"Would it bother Jenny if I fussed around the stove a little, while she's doing the dishes?" she asked eagerly.
"Why, no," hesitated Miss Martha in surprise. "What do you want to do?"
"I want to make something with my berries."
"Why, child. Wait till to-morrow. Jenny will make anything you want her to."
"No, Aunt Martha." Sylvia had the unconscious air of an eager, pleading child. "It's an experiment I want to try.

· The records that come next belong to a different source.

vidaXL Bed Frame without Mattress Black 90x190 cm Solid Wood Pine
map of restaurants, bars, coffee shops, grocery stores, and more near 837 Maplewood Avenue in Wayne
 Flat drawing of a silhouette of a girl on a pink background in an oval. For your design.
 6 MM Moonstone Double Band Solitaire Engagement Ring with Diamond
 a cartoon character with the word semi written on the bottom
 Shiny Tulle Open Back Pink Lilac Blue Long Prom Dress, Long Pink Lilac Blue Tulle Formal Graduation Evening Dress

Please let me. I'll tell you about it afterward."
"Well, of course if you'd rather go into that hot kitchen than stay on the piazza with the others; but what in the world"—
"Oh, don't ask me, and don't tell them. They're talking about music, and they won't miss me for a little while."
Sylvia fled upstairs for her treasured pail, and down again, smiling and sparkling, into Jenny's domain. The good-natured girl made her welcome, and although Miss Lacey wished to come too, and see what her niece would be at, Sylvia laughingly closed the door upon her.
"I was never more astonished," soliloquized Miss Martha, amused and rather pleased.
She moved outdoors, and took a rocking-chair at the opposite end of the piazza from John and Edna. The latter finally interrupted her own remarks to glance at the figure sitting in the dusk. "Come over here, Sylvia. What makes you so exclusive?"